A visitor who travelled from Rawalpindi remarked that he “just came to see how the rulers live in big houses”.

The Presidential Palace, formally called Aiwan-i-Sadr, is the official residence and work place of the President of the country, including the incumbent Arif Alvi.

It was reported that the gardens were the principal attraction for visitors along with the halls where the prime ministers, chief justices of Pakistan and presidents take their oath.

The building is situated between the Parliament House and Pakistan’s Secretariat cabinet block in Islamabad.

WHO supports Pakistan move to impose ‘sin tax’ on cigarettes, sugar beverages

The World Health Organisation (WHO) has welcomed the decision of Pakistan’s government to introduce a ‘sin tax’ on cigarettes and sugar beverages and divert the proceeds from this to increasing revenues of the health budget, reported Dawn.

Aamer Mehmood Kiani, minister for health services, announced on 4 December that the government was in the process of tabling a draft bill in the parliament that would charge consumers tax on harmful products such as cigarettes and sugar beverage.

“We appreciate the move because it would lead to improvement in healthcare of the people. Several countries around the world are charging such taxes and use them for making the healthcare activities effective,” Nima Saeed Abid, WHO’s acting chief in Pakistan, was quoted as saying.

Asked to comment on the government’s move, Abid said, “It can lead to promotion of public health and healthy lifestyle and we support the move completely.”

He also added that Pakistan’s attempts to reduce tobacco consumption would bring down the burden of diseases such as cancer, asthma and tuberculosis.
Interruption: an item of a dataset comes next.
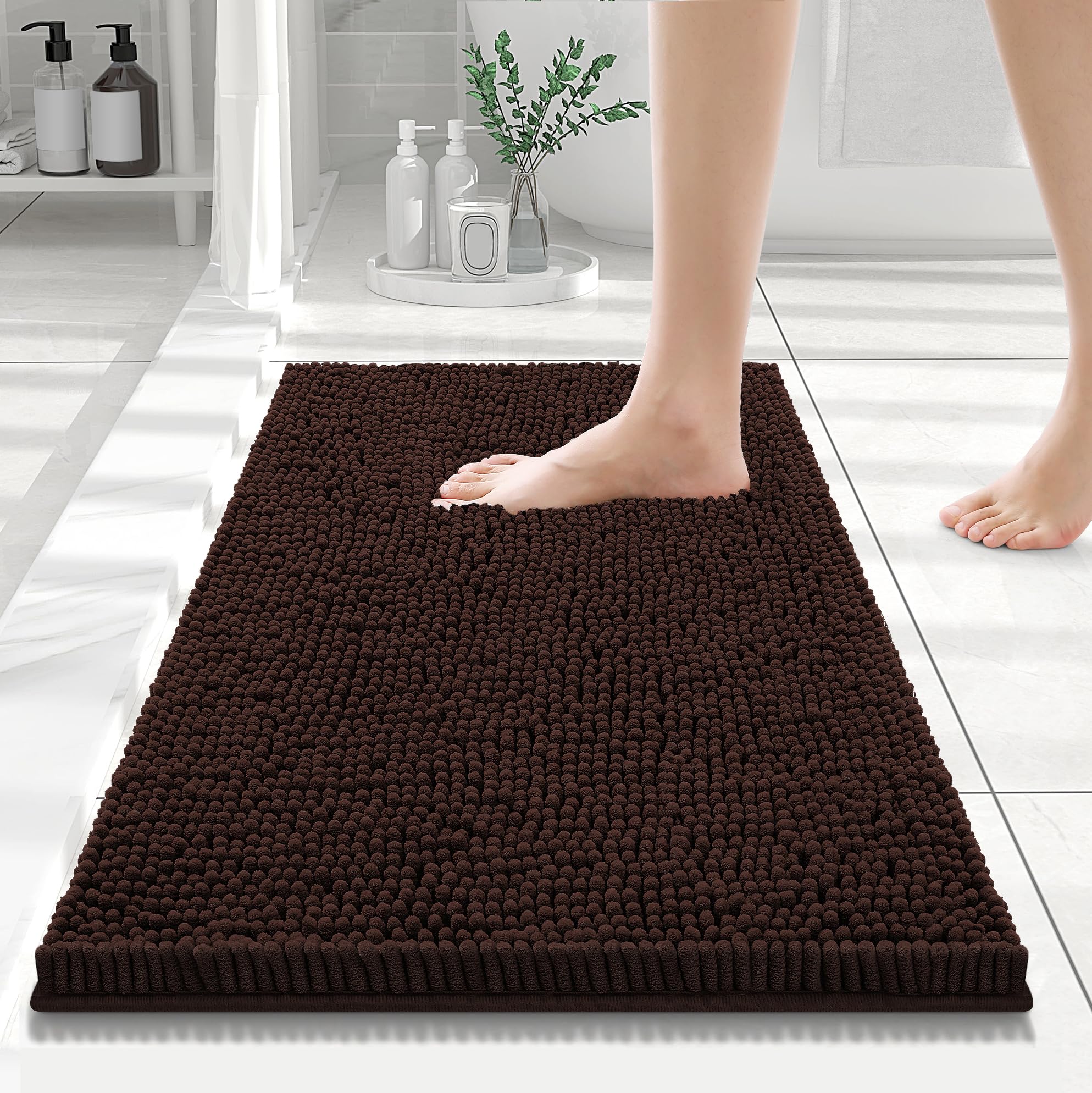 Smiry Luxury Chenille Bathroom Rugs 24x16, Extra Soft and Absorbent Shaggy Bath Mat, Machine Washable, Non-Slip Plush Carpet Runner for Tub, Shower,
‘Manto’ cleared by Pakistan film certification board with ‘four major cuts’

Indian filmmaker Nandita Das’s Manto, a biopic on Pakistan’s prolific and controversial Urdu literature Saadat Hasan Manto, has been passed by the country’s film certification board but with four major cuts, reported The News International report.

The report quoted Entertainment Pakistan to mention that the film was cleared by the board on 4 December.

Das’s film was released in India on 21 September and screened at multiple prestigious international film festivals, but until recently had not been cleared in Pakistan.

Earlier, it was being reported that Manto would be released in Pakistan under the banner of Geo Films if it received clearance from the country’s censor board. But the film hadn’t received certification at the point.

Manto, based on the writer’s most difficult times during Partition, was released on video streaming platform Netflix a few days back.

Fawad Chaudhry invites British and Hollywood crews to shoot in Pakistan

Fawad Chaudhry, Pakistan minister for information and broadcasting, Friday visited the British Film Institute (BFI) and discussed opportunities for cooperation with the film industry in Britain, said a News International report.

Chaudhry discussed about setting up a find for film, certification and training. He also said Pakistan could provide for skilled workers in the British film industry since they are facing a shortage of manpower.

He invited British and Hollywood actors to shoot their films in the northern areas of Pakistan — famous worldwide for their pristine natural beauty. He said the government would provide incentives and other tax rebates in movies shot in Pakistan.

Chaudhry also talked about his plans of establishing a University of Media Communication, which would impart performing arts education and knowledge about film engineering and technology.

He also expressed an interest in increasing movie screen count in Pakistan to 1,000 from the current 187.

Strings plays to sellout concert in Karachi

In Pakistan’s largest city Karachi, the country’s most famous pop rock band Strings played to a large crowd Saturday in what turned out to be a massive sellout concert.

Journalist Omar R. Quraishi posted a video of the concert which he said was also a knock-out between Strings and singer Ali Azmat, best known for being the voice of Pakistani Sufi rock band Junoon.